Angelina and Brad decide that Namibia was the ideal place for them to give birth to their golden spawn.

Then Lady Madonna decides that, well, yes, an African baby would be just the perfect complement to her own Anglo-American offspring.

Now, comes this philosophical insight from the Queen of Daytime Pacification herself as she prepares to open a $40 million school for 152 girls outside of Johannesburg:
Oprah also knows that some people will complain that charity should begin at home, even though she has provided millions of dollars to educate poor children in the United States, especially via her Oprah Winfrey Scholars Program. But she sees the two situations as entirely different. "Say what you will about the American educational system—it does work," she says. "If you are a child in the United States, you can get an education." And she doesn't think that American students—who, unlike Africans, go to school free of charge—appreciate what they have. "I became so frustrated with visiting inner-city schools that I just stopped going. The sense that you need to learn just isn't there," she says. "If you ask the kids what they want or need, they will say an iPod or some sneakers. In South Africa, they don't ask for money or toys. They ask for uniforms so they can go to school."

Heaven forfend that American kids ask for sneakers or iPods -- instead of uniforms!

Clearly, Africans have their priorities straight: The Ethiopians know how to fight Islamists in a war -- and those nice South African girls know that it's better to ask for uniforms rather than money or toys! Let us thus sprinkle down proper rewards on these Africans for showing Americans the correct way to go!

The judgment rendered by those on the Right and the Left seems the same: Americans have forgotten their way, obsessed with their own materialistic lifestyles to either focus on defeating the Islamist threat -- or concentrating on our schoolwork. Enough is enough! Throw your hands up in the air and give up on Americans and let's train our focus where the primitives understand what's truly important.

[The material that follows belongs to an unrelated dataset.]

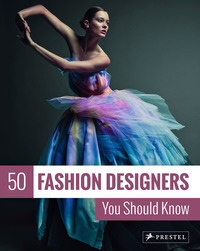 50 Fashion Designers You Should Know (New ed) /anglais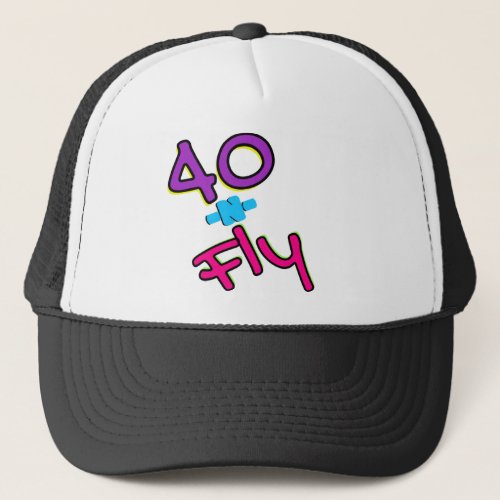 Neon 80s Retro 40Fly Hip Hop 40th Birthday Trucker Hat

Now, I don't want to appear dismissive about what Oprah is doing for these kids in Africa (though, notably, the South African government has separated itself from the school -- believing that, well, $40 million might go a little bit further than for 150 kids). And, yes, she does do much charitable stuff for American young people. However, her arrogance concerning the students at inner-city American schools is rather, um, rich.

Are America's kids too materialistic for their own good? Yes, definitely.

But where do they get that attitude from? Surely, it couldn't be from a woman who decides to give all of her (primarily middle-class female) audience members a brand new car?

Surely, it wouldn't be from a woman who throws a fit because she wasn't allowed into a fancy Parisian boutique after closing time -- and then uses her show to protest about how she was dissed by Hermes?

Nah, no way that kids' sense of materialism might be influenced that way, right?

Ah, wonderful Africa -- the perfect little toybox for wealthy and ambitious Americans to play in!